An explainable, end-to-end Marketing Mix Modeling (MMM) system that helps businesses understand which marketing channels drive incremental sales and how to optimize marketing budgets using data-driven insights.
The project combines classical MMM techniques with a modular Python backend and an interactive Streamlit dashboard designed for real-world decision-making.
Marketing leaders need clear answers to:
- Which channels actually drive incremental sales?
- Why does a high-spend channel sometimes show low ROI?

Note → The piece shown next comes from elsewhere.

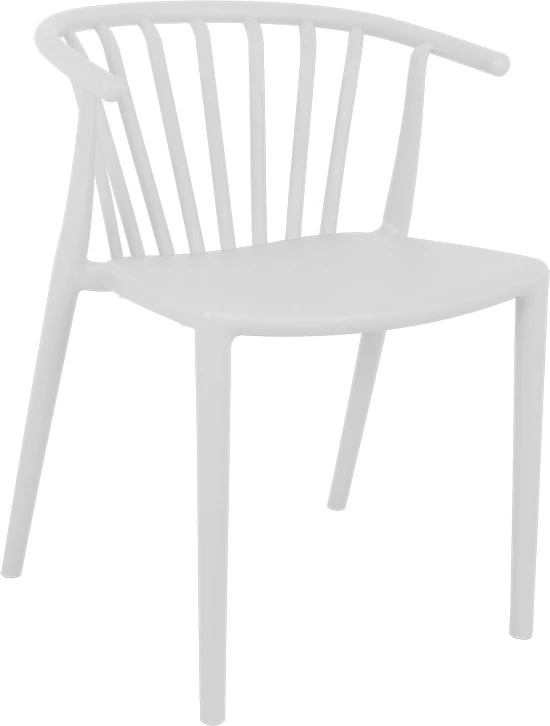 Karrige me krahë Zelma, ngjyrë e bardhë, 55x53x73cm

- Where should additional budget be allocated?
- How can these decisions be explained transparently?
This system answers these questions using interpretable models, stable attribution, and explainable metrics.
Sales are modeled as a combination of:
- Baseline demand (trend + seasonality)
- Marketing channel impact
- External controls (price, promotions, holidays)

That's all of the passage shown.